Hey, Steven! Thanks for the response!
I checked if everything is corresponding to the docs from your link, and it still generating the 1 second audio. Also, the amount of tokens are only 51
Can it be related to the model train issue? Maybe I'm missing something?

I've also notices, that after the create_dataset script run, in the output folder generated only two files generated: train_input_ids_shape.npy and train_input_ids.memmap, is it ok?
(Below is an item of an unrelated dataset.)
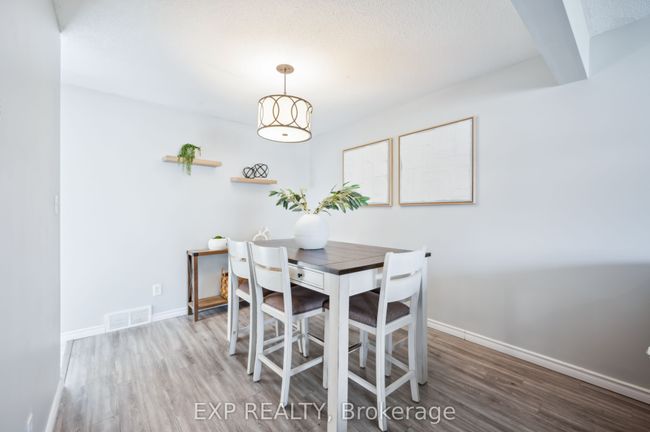 116 Dinison Cres, House attached with 3 bedrooms, 2 bathrooms and 3 parking in Kitchener ON | Image 7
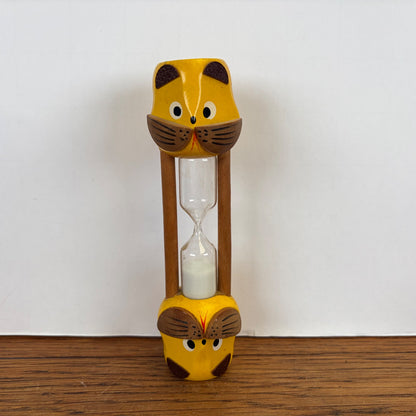 Vintage houten zandloper hondje geel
Here is the image of the model run with logs

Also, here is my test-model.py if it makes any sense

import torch
import soundfile as sf
import re
from transformers import AutoTokenizer
from liger_kernel.transformers import AutoLigerKernelForCausalLM
from xcodec2.modeling_xcodec2 import XCodec2Model

# Load your fine-tuned model from the "output" directory.
model_path = "output"
tokenizer = AutoTokenizer.from_pretrained(model_path)
model = AutoLigerKernelForCausalLM.from_pretrained(
    model_path,
    attn_implementation="flash_attention_2",
    torch_dtype=torch.bfloat16
)
model.eval()
model.to("cuda")

# Load the vocoder (XCodec2) model.
codec_model_path = "HKUST-Audio/xcodec2"
Codec_model = XCodec2Model.from_pretrained(codec_model_path)
Codec_model.eval().to("cuda")

# Input text to convert to speech.
input_text = "Salom! Shirin AI companiyaga hush kelibsiz! Qanday yordam beriolayman?"

def extract_speech_ids(speech_tokens_str_list):
    """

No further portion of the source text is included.